The cop put him back on the chair.

‘Did your mother find out about your disgusting habit?’

He didn’t answer.

‘So you’re not going to talk,’ I said. ‘Fine. But you killed her because you hated her.’

‘I didn’t hate her!’ he shouted. ‘I didn’t hate my mum!’

His whole body shook as he glared at me, choking with fury. He gave a hoarse cry, his eyes bulging, and then slumped back, gasping for breath with his face dangling backwards over the chair as if his throat was cut.

‘You hated her,’ I said. ‘You hated your mother, and so you killed her.’

He didn’t deny it.

‘Because she gave birth to you?’

He nodded.

‘If she couldn’t make me happy, why have me?’ he said.

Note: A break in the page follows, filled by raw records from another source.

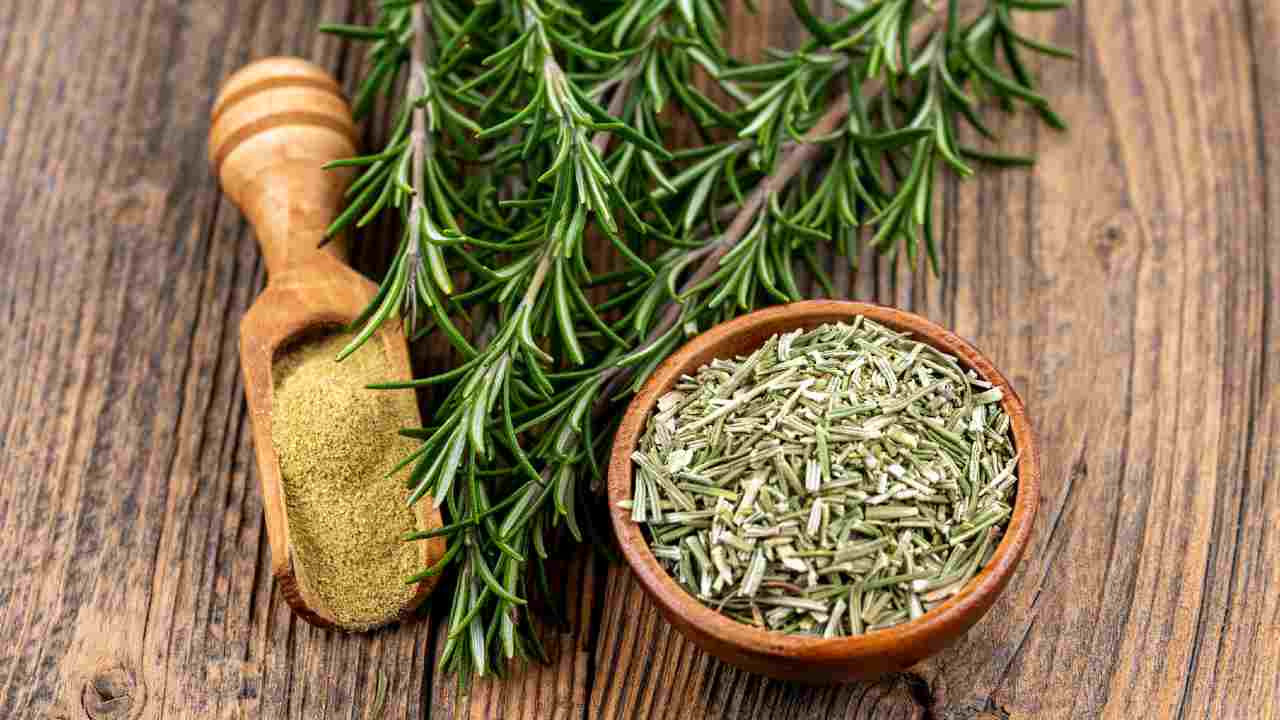 Small pieces of rosemary
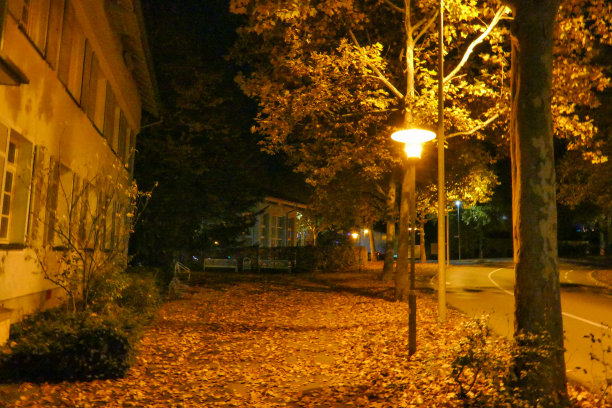 秋天里一个黄色的夜晚图片下载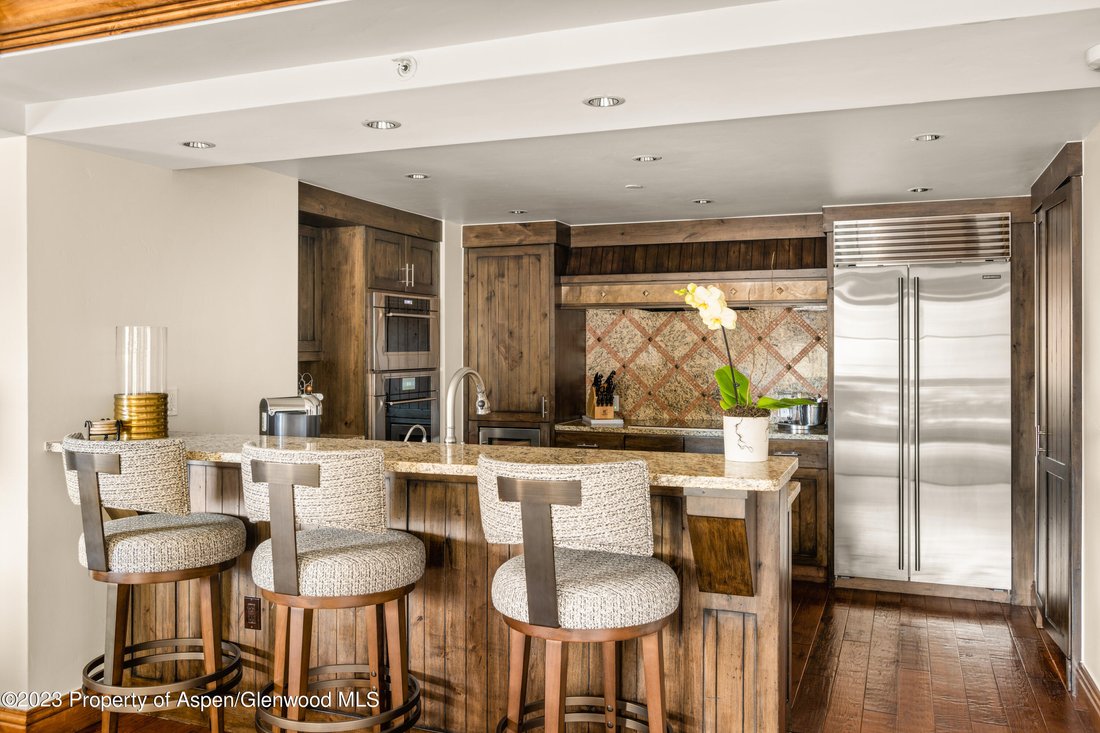 Apartment in Aspen, Colorado, United States 5 - 16829928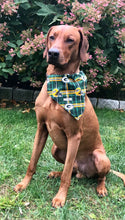 Load image into Gallery viewer, Koa's Ruff Life, Koa in a large NFL Green Bay Packers dog bandana personalized with your pup's name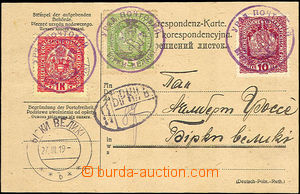 37562 - 1919 WEST UKRAINE  Austrian service receipt in/at German - P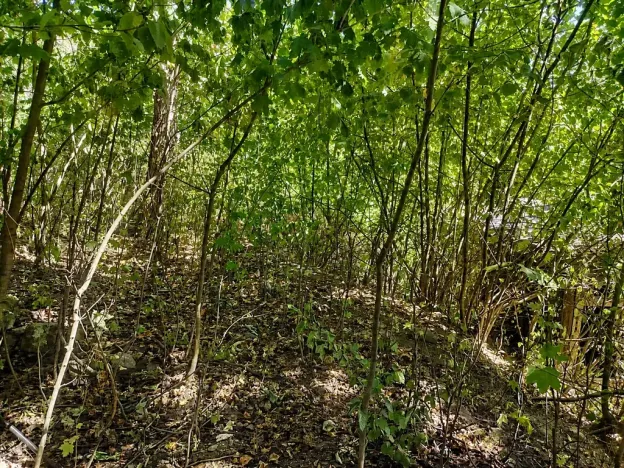 Prodej pozemku pro bydlení, Lom, Tyršova stezka, 888 m2
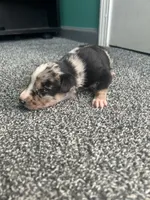 processed/b0b0cc30-a5a0-4ec4-9730-ec41193ab9c5/listing/3e2bce83-5aae-45f1-aa75-fc01a4a96d8a/3c7964c0-9390-4a98-ab21-dcde78775330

‘But you didn’t get sick until you were two years old.’

‘She should have killed me then.’ He gave an odd laugh. ‘One shake and that would have been it. A grown-up is stronger, it’s harder to die.’

‘Stop thinking about death.’

‘Easy for you to say. You can have whatever you want. A job, a wife … ’

‘You could too,’ I said. But I knew that wasn’t true.

‘Yes, I could,’ he said and laughed again. ‘But what kind of girl would she be? I’ve met the ugliest, stupidest girls in the world. Why would I want to get hitched to one of them? My mum said I should get married, because that’s what normal people do. But I’m not normal, am I.’